WABH
- Bath, New York; United States;
- Broadcast area: Elmira-Corning area
- Frequency: 1380 kHz
- Branding: 100.3 FM 1380 AM WABH

Programming
- Format: Country
- Affiliations: Nash Icon

Ownership
- Owner: Gordon Ichikawa; (Tower Broadcasting, LLC);

History
- First air date: November 17, 1962 (as WFSR)
- Former call signs: WFSR (1962–1973) WGHT (1973–1975) WVIN (1975–1990)

Technical information
- Licensing authority: FCC
- Facility ID: 52119
- Class: B
- Power: 10,000 watts day 450 watts night
- Transmitter coordinates: 42°18′52″N 77°17′9″W﻿ / ﻿42.31444°N 77.28583°W
- Translators: W262CX (100.3 MHz, Bath)

Links
- Public license information: Public file; LMS;
- Website: 1380wabh.com

= WABH =

Radio station in Bath, New York

WABH (1380 AM) is a radio station broadcasting a country music format. Located in Bath, New York, United States, the station serves the Elmira-Corning area. The station is owned by Dawn Ichikawa, through licensee Tower Broadcasting, LLC, a company established by Ichikawa's late husband Gordon.

==History==
The station first signed on November 17, 1962, with the call letters WFSR as a 500 watt daytimer. On December 1, 2008, WABH changed its format from oldies to sports.

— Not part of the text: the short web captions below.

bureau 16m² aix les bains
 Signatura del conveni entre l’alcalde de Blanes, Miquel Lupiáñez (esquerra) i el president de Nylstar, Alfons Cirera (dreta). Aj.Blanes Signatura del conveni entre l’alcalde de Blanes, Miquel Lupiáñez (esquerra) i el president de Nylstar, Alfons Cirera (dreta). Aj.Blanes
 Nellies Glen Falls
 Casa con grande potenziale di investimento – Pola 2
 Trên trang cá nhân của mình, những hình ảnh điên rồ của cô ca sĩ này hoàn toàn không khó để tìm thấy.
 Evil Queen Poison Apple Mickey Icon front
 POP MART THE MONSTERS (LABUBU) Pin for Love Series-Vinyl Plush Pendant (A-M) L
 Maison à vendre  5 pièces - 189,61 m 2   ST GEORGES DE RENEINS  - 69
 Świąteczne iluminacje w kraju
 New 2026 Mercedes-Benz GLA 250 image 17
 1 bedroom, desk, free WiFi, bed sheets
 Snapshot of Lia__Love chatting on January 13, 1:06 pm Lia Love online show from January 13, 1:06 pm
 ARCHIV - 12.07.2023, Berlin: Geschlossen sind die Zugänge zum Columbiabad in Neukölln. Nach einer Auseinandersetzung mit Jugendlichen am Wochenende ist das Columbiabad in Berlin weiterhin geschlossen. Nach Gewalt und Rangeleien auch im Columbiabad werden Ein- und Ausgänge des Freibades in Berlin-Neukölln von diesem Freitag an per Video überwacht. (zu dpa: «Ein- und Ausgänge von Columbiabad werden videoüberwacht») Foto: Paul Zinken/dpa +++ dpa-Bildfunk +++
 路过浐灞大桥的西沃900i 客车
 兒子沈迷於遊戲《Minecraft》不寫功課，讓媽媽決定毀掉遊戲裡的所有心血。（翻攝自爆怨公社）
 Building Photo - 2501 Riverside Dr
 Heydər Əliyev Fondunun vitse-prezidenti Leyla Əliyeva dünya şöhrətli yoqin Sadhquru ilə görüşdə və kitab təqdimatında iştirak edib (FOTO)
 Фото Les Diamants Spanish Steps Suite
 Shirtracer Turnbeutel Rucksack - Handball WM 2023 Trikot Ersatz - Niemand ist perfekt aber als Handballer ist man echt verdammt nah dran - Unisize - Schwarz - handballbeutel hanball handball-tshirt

On January 31, 2016, WABH changed their format from sports to adult standards.

Some time before the start of 2019, the station flipped to Nash Icon (adult country), picking up a format previously abandoned by WCKR, which Ichikawa would purchase in 2023.

In January 2026, Ichikawa agreed to sell the station to Tom and Desire Hoyt, who are also purchasing nearby AM country station WCJW. The station went silent, still listed under Ichikawa ownership and citing financial issues, in July 2026. Its country format, now being supplied by WCJW, moved to sister station WVIN-FM; its translator on FM 100.3 remained operational under the Hoyts' ownership.